Didja get any info on the hack that originally installed it? Why didn't the HO call him back for the flush, I wonder?


----------



## rocksteady (Oct 8, 2008)

plumber666 said:


> Didja get any info on the hack that originally installed it? Why didn't the HO call him back for the flush, I wonder?


No idea who put it in and I really don't care to know. I have done some work for this guy before (when I worked for another company) and we were walking towards the garage when he says "I think you put my water heater in". I've done a few water heater replacements in this apartment complex over the last 10 years so I'm thinking I might have (they all look the same). As soon as we get in the garage I'm positive I did not.  This is not to say the company I was working for didn't have somebody do it a few years ago. Sad to say, I wouldn't be at all surprised to find that to be the case.







Paul


----------



## Ishmael (Dec 9, 2009)

Does that one ball valve (2nd picture) even open all the way, or does the handle hit the pipe?


----------



## Master Mark (Aug 14, 2009)

*what was the charge????*

I guess that you won and the tankless heater lost....

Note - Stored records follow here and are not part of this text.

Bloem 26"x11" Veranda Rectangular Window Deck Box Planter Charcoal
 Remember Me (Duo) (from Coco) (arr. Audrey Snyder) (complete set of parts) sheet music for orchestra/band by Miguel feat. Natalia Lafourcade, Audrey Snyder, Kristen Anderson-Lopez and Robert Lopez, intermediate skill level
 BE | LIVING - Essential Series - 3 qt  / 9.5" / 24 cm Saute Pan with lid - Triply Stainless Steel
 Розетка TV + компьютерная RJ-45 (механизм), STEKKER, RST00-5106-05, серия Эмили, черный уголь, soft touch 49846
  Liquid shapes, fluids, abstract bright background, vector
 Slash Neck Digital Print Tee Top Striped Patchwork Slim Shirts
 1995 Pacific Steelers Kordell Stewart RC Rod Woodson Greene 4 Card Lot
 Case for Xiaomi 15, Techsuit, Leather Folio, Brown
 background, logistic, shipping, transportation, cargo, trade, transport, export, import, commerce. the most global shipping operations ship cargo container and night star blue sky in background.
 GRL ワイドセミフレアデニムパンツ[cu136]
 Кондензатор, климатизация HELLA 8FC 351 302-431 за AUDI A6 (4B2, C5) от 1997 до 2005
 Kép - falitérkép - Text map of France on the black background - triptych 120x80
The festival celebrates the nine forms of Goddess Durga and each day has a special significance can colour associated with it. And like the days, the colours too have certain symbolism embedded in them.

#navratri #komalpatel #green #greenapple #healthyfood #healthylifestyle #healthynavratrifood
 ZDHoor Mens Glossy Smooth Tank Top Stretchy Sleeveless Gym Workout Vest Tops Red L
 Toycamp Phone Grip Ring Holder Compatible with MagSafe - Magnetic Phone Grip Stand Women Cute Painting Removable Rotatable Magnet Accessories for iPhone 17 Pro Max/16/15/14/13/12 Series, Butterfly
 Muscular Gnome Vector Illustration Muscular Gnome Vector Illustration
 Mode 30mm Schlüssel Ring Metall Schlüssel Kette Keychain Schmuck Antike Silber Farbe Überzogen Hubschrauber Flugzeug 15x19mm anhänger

what did you charge the guy to flush the unit???


----------



## rocksteady (Oct 8, 2008)

Ishmael said:


> Does that one ball valve (2nd picture) even open all the way, or does the handle hit the pipe?


They both actually open and close fully.




Master Mark said:


> I guess that you won and the tankless heater lost....
> 
> what did you charge the guy to flush the unit???


I charged him about $425 to install the valves, clean it up a bit and flush the unit out.






Paul


----------



## user2090 (Sep 26, 2009)

rocksteady said:


> They both actually open and close fully.
> 
> 
> I charged him about $425 to install the valves, clean it up a bit and flush the unit out.
> ...


What is the charge if you didn't install valves, flush only?

Oh, and I suspect a Big Box D.I.Y. install.


----------